The push to pass voter tougher ID laws originated during the red wave of 2010, the year Republicans swept into state legislatures across the country and started to push plans for voter ID. The 2013 Shelby v. Holder case essentially gave them the green light to keep doing so.
“What we’ve seen is that since Shelby, more than 30 states have imposed greater requirements for voting, and in a lot of those states, we’ve seen elections take place that have later been found to have had intentional discrimination,” Sewell said.
Sewell and Weiser both say race, in addition to partisanship, is at play with voter ID laws and with gerrymandering. In numerous high-profile gerrymandering cases, courts have ruled Republican lawmakers drew congressional district lines to weaken the votes of minority groups.
“[Partisanship] is often overlapped with race. Race is deeply baked into those events and those stories,” Weiser said. “Racially polarized voting, anxiety about the increasing political power of minority voters and citizens and the future demographic change away from a majority white country.”
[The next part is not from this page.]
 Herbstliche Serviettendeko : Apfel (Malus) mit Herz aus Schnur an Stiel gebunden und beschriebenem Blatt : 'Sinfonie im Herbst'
Sewell believes that rather than trying to figure out ways to court minority voters, Republican politicians in many states are simply trying to make it more difficult for them to vote.
“Clearly when fewer people vote, Republicans and GOP win,” Sewell said. “I think that what you’ve seen is the GOP has determined that the more restrictive laws are — they’ve done so in the name of voter fraud. But there’s no evidence of pervasive voting fraud in America.”
Sewell said she remembers a time when the Voting Rights Act was a bipartisan bill, easily reauthorized by both parties. She hopes Congress can return to the way things were, and both parties can agree to making the ability to vote easier for all Americans, not harder.
“I just don’t think the right to vote should be a partisan issue,” Sewell said.